# Yesterday's Ride Report



## old_fuji (Mar 16, 2009)

All in all, a great success! All 4 of us set personal distance bests! I got some good miles under my new saddle, and got to try out the new tires on my wife's bike (Conti Sport something-or-others) and my new Kenda Karvs. She was happy with how more "confident" she felt on her Contis vs. the Vittoria Zaffiros that came on her bike. I felt substantially quicker on my bike, though I had some Ritchey Speedmaxes on mine.

But, that's not the point:

A buddy was attempting to ride a century yesterday, to celebrate his birthday. He and another guy were riding together, and my wife and I were planning on joining them about halfway through...the two of them were riding a giant counter-clockwise circle, and my wife and I were trying to meet them for the southern leg/portion of the circle. Long story short, our buddy had a bit of a rougher go than he expected, so we had to ride further to meet up with them. Instead of meeting him at about the 60 mile point of his ride, we wound up meeting at around Mile 50.

Unfortunately, the guy whose birthday it was wound up dipping out at Mile 75. He had been drinking the night before, and hadn't entered the ride properly fed or hydrated. But, celebrating the small victories, he set a personal best! He hadn't gone further than 70 miles at this point...last time we rode with him, he was intimidated by even 10 miles. But, he's spent nearly the entire quarantine on a bike, so here we are. His ride partner saw that he got a ride home, then carried on, ultimately completing the century circuit - his personal distance best, and that was pretty cool because he's a pretty accomplished triathlete and cyclist.
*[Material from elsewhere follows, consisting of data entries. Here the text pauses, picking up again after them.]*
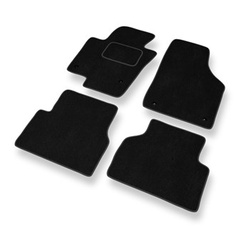 Tapetes de veludo para carros Volkswagen Tiguan SUV (2007-2016) - Tapetes para carros preta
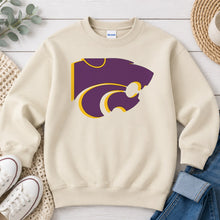 Load image into Gallery viewer, Wildcat Logo Gold Outline Sand
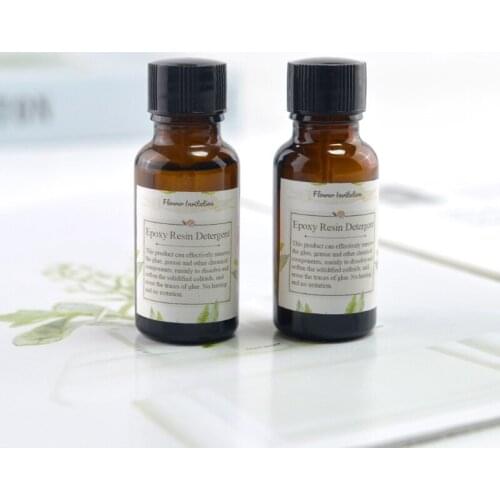 20ml Epoxy Resin Detergent Clean UV Resin Pigment Remover Natural Food Contact Safe Glue Soften Silicone Mold Protector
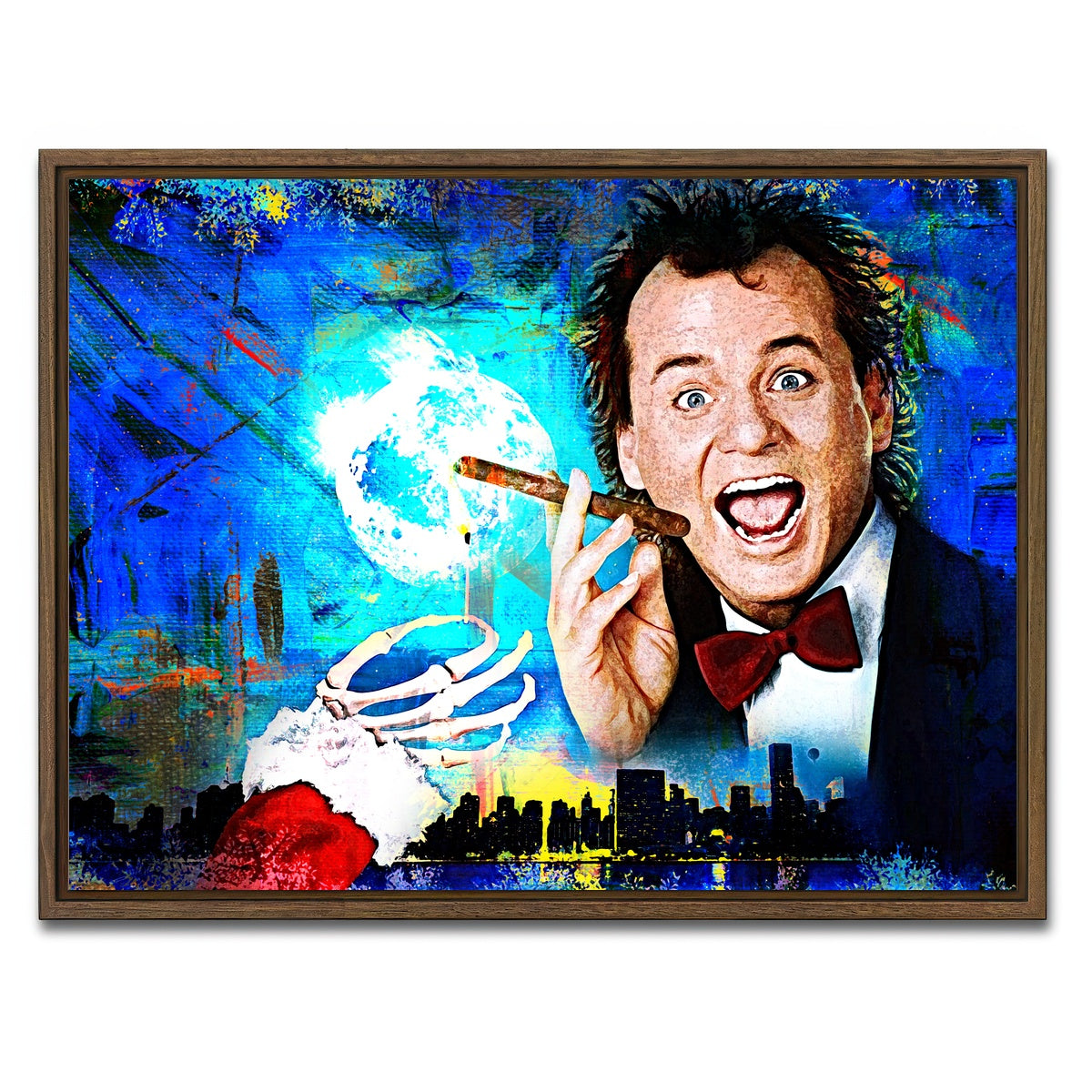AUTO-MOCKUP WHITE | Scrooged | 1 Piece | Walnut Framed Canvas | group=4x3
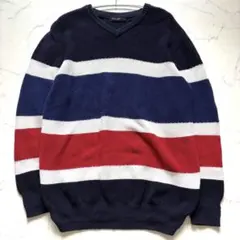 BLACK LABEL CRESTBRIDGE ユニオンジャック セーター L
I overcame a mental block regarding distance, and wound up getting in 33 miles yesterday! We were planning on only 15ish miles, but as mentioned, we had to meet our group about 10 miles north, and that altered their planned route a little. So, I was pretty proud of that...despite being the shortest distance of the group, it was my own personal longest. :thumbsup:

But, we've already established that I'm not a "true" cyclist, because not only did I need tire levers to replace the tires, but my personal best is only 33 miles, despite having 8,000 posts here. Miss me with your negativity, I'm celebrating the small victories.


----------



## rudge66 (Apr 1, 2019)

That's a really good report ... I like it.


----------



## Christine (Jul 23, 2005)

Nice work!! I did a century once, almost 20 years ago. Took about 10 hours. If I could get rid of the lower back pain I could see doing more distances again, but right now it hurts to think about.


----------